夏休みの話① ~レストラン『アンブロシア』へおいでませ~ その4
「あーあ、線香花火も終わっちゃったなぁ。線香花火って、パチパチいってるときはすごいきれいだけど、落ちちゃうとなんだかさみしくなっちゃうでしょ」
手に持っていた線香花火の先っぽを見つめながら、愛子がぽつりとつぶやきました。
「世織ちゃんはいいよね、時間止め放題で、花火見放題だもんね」
茶化すようにいう花子を、世織はじろりとにらみつけました。
「そんなことにわたしは力を使わないわ。それに時間を止めても、全然楽しくないでしょう? 普通の花火も、線香花火も、最後には散ってしまうのが一番きれいなんじゃないの。少なくともわたしはそう思うわ」
「さすが世織ちゃん、なんだか大人ね」
愛瑠がバケツに花火を片づけながらいいました。
「デモ、いつ見ても花火はいいネ。ワタシも本当は、分身の術を使うとき、けむりじゃなくて花火使いたいノヨ。でもグランマに怒られたヨ」
てへへと笑うチェルシーを、未来があきれ顔で見ています。
「そりゃそうでしょ。くのいちが派手な花火使ってたら、すぐに見つかっちゃうじゃない。忍者ってのは、隠密行動が一番大事なんだから」
「ケド、ミクも自分の水晶玉、ずいぶんデコレーションしてるネ。ハデ好きなフォーチュンテラーも珍しいヨ」
「うるさいわね、いいでしょ、趣味なんだから」
未来がふんっと鼻を鳴らします。そばで聞いていたソフィーが、目をぱちくりさせてチェルシーにたずねます。
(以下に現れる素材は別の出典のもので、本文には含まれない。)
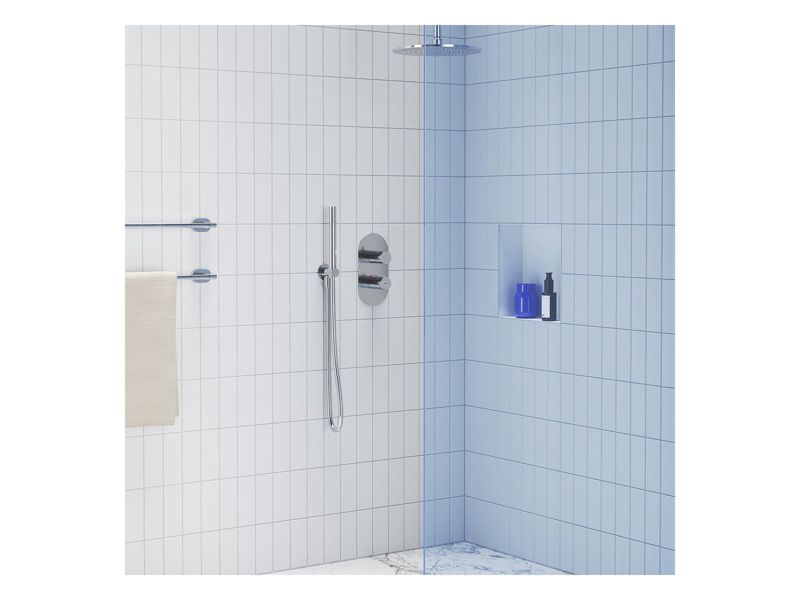 Loftsarm til Regnbruser 20 cm Krom | 703.00CR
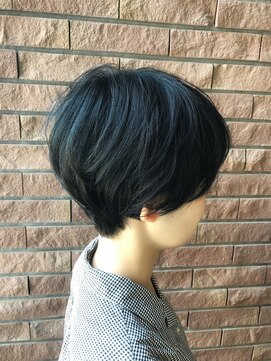 アッシュ 大泉学園店(Ash) 【黒髪おしゃれ】横顔美人ショート[30代]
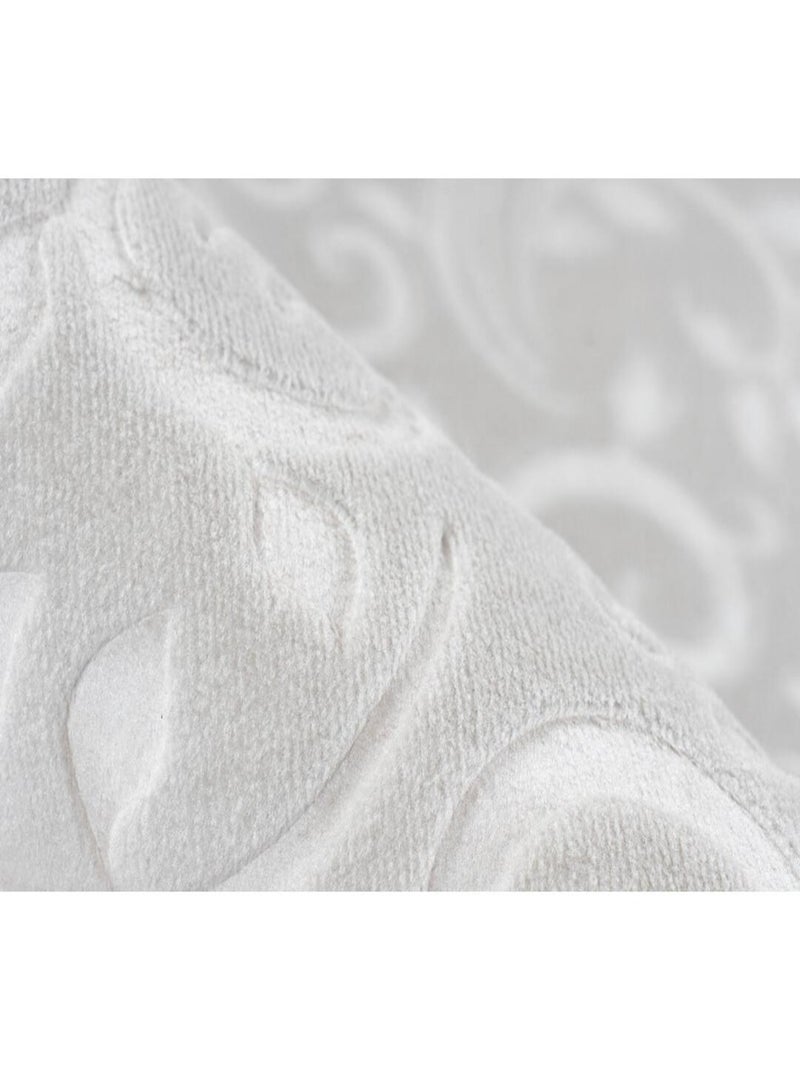 Tapis baroque avec franges lavable en machine Toledo Beige - Kiabi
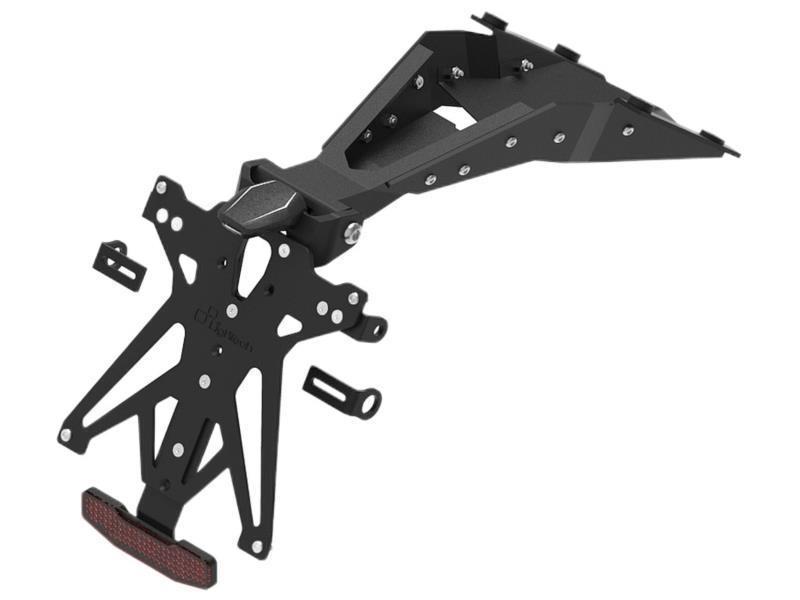 Lightech QJ101 porta targa QJ Motor SRK 700 24 Nero - porta targa
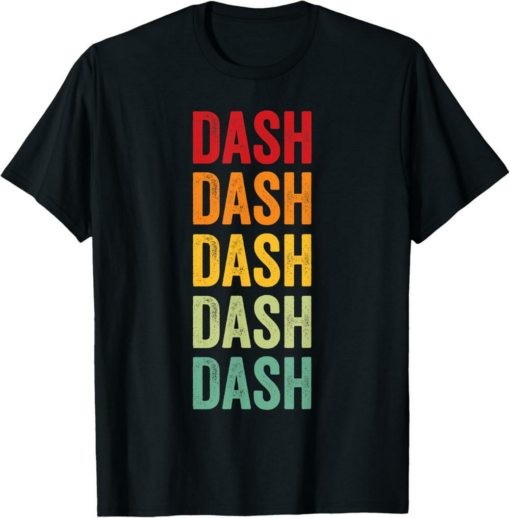 Dash T-Shirt Crypto Rainbow Text Design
「チェルシーさん、その、フォーチュンテラーって、いったいなんなんですか?」
「フォーチュンテラーってのは、占い師のことよ。あたしの力は占いの力なの」
「未来ちゃんの力はホントにすごいよね。わたしも未来ちゃんみたいに便利な力だったらよかったんだけど……」
愛瑠がうらやましそうに未来を見ます。未来は得意そうに笑いました。
「まぁね、あたしの力はかなりすごいのよ。それは」
「ちょっとちょっと、早くこっちにおいでよ。肝試しのくじ引き、みんな引いちゃったよ」
ポン子が未来たちの話に割り入ってきました。未来がほおをふくらませます。
「えーっ、ちょっと、もうみんなくじ引いちゃったの? ずるいわ、呼んでくれたっていいのに」
「そんなこといわれても、しかたないじゃんか。みんな最後の線香花火楽しそうにしてたからさ」
「ポン子ちゃん、線香花火三秒で落としちゃってたもんね。あれは笑ったわよ、ぷぷぷ」
「あんたぁ! あんたも線香花火みたいに落としてやるわよ!」
花子とポン子がいつものこぜりあいを始めたので、ソフィーと愛子があわてて間に入ります。
「ちょっとちょっと、もう暗いのにケンカしちゃダメでしょ!」
「ほら、二人とも落ち着いてください。未来さんたちは、今のうちにくじ引いてください。二人はわたしたちでなんとかしておきますから」
花子とポン子を引きはがしながら、ソフィーたちがうながします。未来たちも急いでヒルデのところへ行きました。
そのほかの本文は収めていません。